Rep. Dan Goldman (D., N.Y.) / Getty Images
May 30, 2023

Freshman Democratic congressman Dan Goldman (N.Y.) is quickly making a name for himself in Washington, but not for his legislative prowess.

Goldman, an heir to the Levi Strauss jean fortune, on April 10 purchased upwards of $65,000 in shares of two software companies, Nvidia and BILL Holdings, according to his latest financial disclosures. The timing could not have been better, as Nvidia and BILL Holdings increased 41 percent and 32 percent, respectively, since the Democrat purchased them. For comparison, the S&P 500 index has increased just 2 percent since April 10.

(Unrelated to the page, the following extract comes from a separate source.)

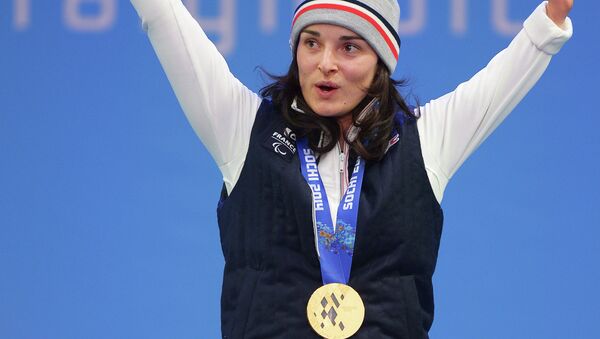 Мари Боше (Франция), завоевавшая золотую медаль в супергиганте среди женщин в классе LW 2-9 (стоя)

It's the latest well-timed trade for Goldman, who during his congressional campaign touted himself as an "anti-corruption" crusader. Goldman, whose district encompasses Wall Street, sold upwards of $15,000 worth of shares in PacWest Bancorp on March 6, just two days before its share price plummeted amid concerns about a bank run, the Washington Free Beacon reported. Goldman has made more than 700 trades of shares worth up to $30 million since taking office in January, according to Capitol Trades, which tracks politicians' stock transactions.

Goldman's trades come amid heightened scrutiny of insider trading in Congress. A bipartisan group of lawmakers have proposed legislation to ban members of Congress from trading stocks following a series of well-timed trades from lawmakers such as Rep. Nancy Pelosi (D., Calif.), Sen. Dianne Feinstein (D., Calif.), and former Sen. Richard Burr (R., N.C.). Pelosi, another prolific stock trader, has come under scrutiny after her husband traded millions of dollars of shares in companies Pelosi has worked to subsidize.

A former federal prosecutor who rose to prominence as the lead prosecutor in the first impeachment of former president Donald Trump, Goldman pledged during his campaign to set up a blind trust for all of his assets, though he has yet to create one since taking office. A spokesman for Goldman told the Free Beacon that the congressman does not personally conduct his stock trades. The transactions are "managed entirely by an investment adviser, with whom he has no discussions about any stock trades since entering Congress," the spokesman said.

Goldman has said he supports legislation to bar members of Congress from trading stocks. Reps. Matt Gaetz (R., Fla.) and Alexandria Ocasio-Cortez (D., N.Y.) cosponsored a bill this month to ban congressional stock trading.